- Video report by ITV News Correspondent Rupert Evelyn
The Environment Secretary has outlined plans to make radical changes to farming subsidies after Brexit.
Under the current EU method, farmers are paid part of a £3 billion subsidy based on how much land they own, which makes up between 50% and 60% of their income.
This scheme will run until March 2024, after which farmers will instead be paid for "public goods" such as protecting and improving the countryside and boosting access to it.
- How does the EU farming subsidy work?
Michael Gove said he hoped the post-Brexit payments would be "broadly" the same as the current £3 billion subsidies.
In the five years between Brexit and 2024, Michael Gove said the largest of the "unjust and inefficient" subsidies will be curbed, with a maximum cap or a sliding scale of reductions.
In a speech to the Oxford Farming Conference, the former education secretary said in the future, taxpayers' money would only go on paying for public goods that the market does not provide.
Speaking ahead of the Government's agricultural plans which will be published in the spring, which will be put out for consultation, Mr Gove said the move towards spending money on delivering public goods is part of a four-point plan, which also includes developing a coherent policy on food and giving farmers time and tools to adapt to the future to avoid a "precipitate cliff edge".
The plans also include building "natural capital" - the value nature provides to society - into the approach to land management to establish a sustainable future for the countryside.
"What I want to do is to move away from the current method of subsidy which doesn't really reward efficiency to a method of agricultural support which makes sure that good farmers have new markets for their products and at the same time that the natural environment is enhanced," Mr Gove told ITV News.
However, some farmers are unsure of what to make of the new plans.
James Cox, a Gloucestershire farmer, told how the current EU subsidies are "vital to our business" and allows him to "reinvest in the business and keep moving forward and unfortunately the commodity prices of what we grow don't make a large enough margin for us to survive properly without them."

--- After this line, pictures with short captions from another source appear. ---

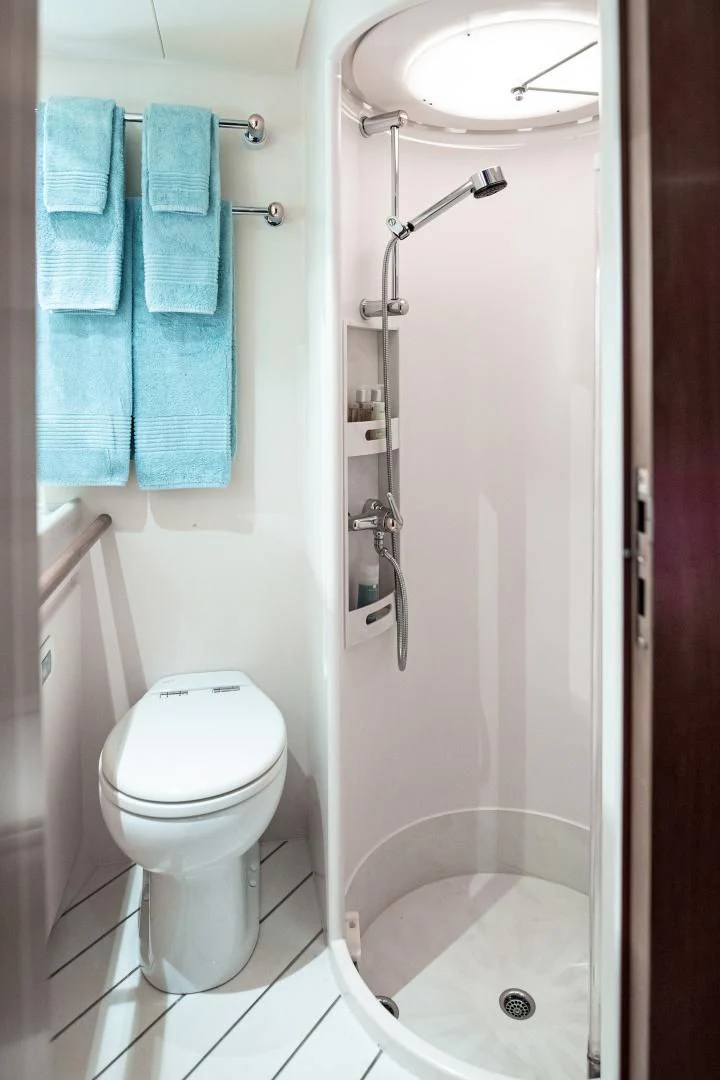 a bathroom with a toilet and bathtub aboard SCARENA Yacht for Charter
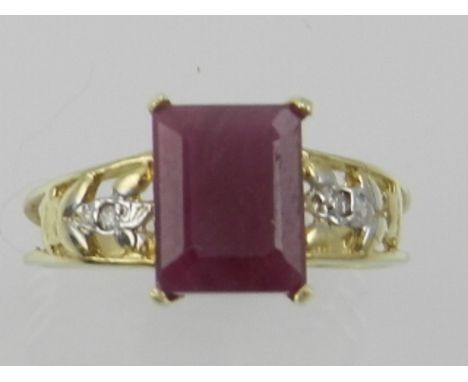 A yellow metal and ruby ring, the emerald cut ruby flanked by openwork shoulders with diamond accents, the shank stamped 9K. 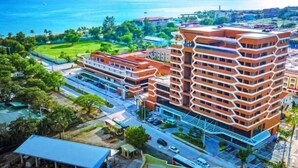 A multi-story building with a distinctive zigzag pattern on the facade, surrounded by greenery and a clear blue sky. - The Aurora Subic Hotel Managed by HII (Olongapo)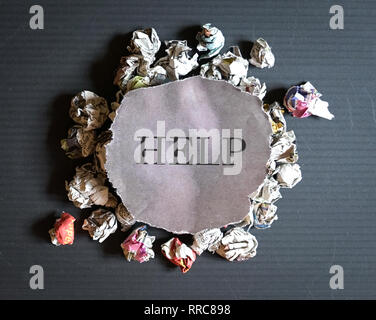 Help : words printed on newspaper cutting on top of a pile of crumbled papers Stock Photo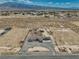 Beautiful aerial view showcasing a property with desert landscape, mountain views, and ample land at 3301 Underbrush Ave, Pahrump, NV 89048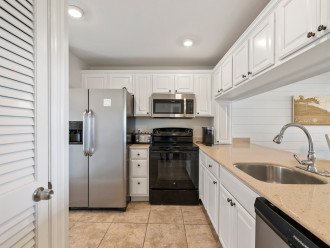 The fully equipped kitchen features all the standard major appliances – refrigerator, stove/oven, microwave, dishwasher.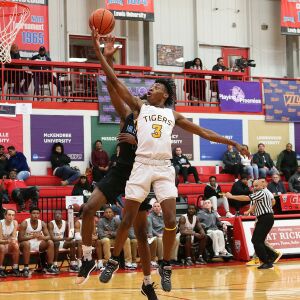 Joliet West’s Jaiden Lee drives to the basket as the Tigers play Hillcrest.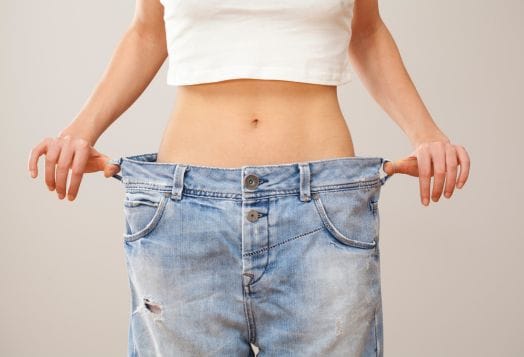 Woman in oversized jeans, weight loss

Speaking to the Oxford conference, Mr Gove added: "Building on previous countryside stewardship and agri-environment schemes, we will design a scheme accessible to almost any land owner or manager who wishes to enhance the natural environment by planting woodland, providing new habitats for wildlife, increasing biodiversity, contributing to improved water quality and returning cultivated land to wildflower meadows or other more natural states.
"We will also make additional money available for those who wish to collaborate to secure environmental improvements collectively at landscape scale."
He also said that ensuring public access to the countryside was a public good, though he acknowledged it was a "contentious issue".
But he added: "The more the public, and especially schoolchildren, get to visit, understand and appreciate our countryside, the more I believe they will appreciate, support and champion our farmers."
Mr Gove said the way that financial support had been provided to farmers had been far too bureaucratic, with "near-pointless" box-ticking exercises and multiple inspections, and promised simplified systems in the future.
He also said that, with food exports from the UK, from West Country Cheddar to Melton Mowbray pies, guaranteed to be high-quality and more sustainable, it would be "foolish" to lower environmental or animal welfare standards in future trade deals.
And he insisted that European producers had as much interest in securing continued tariff-free access between the UK and the EU as British farmers.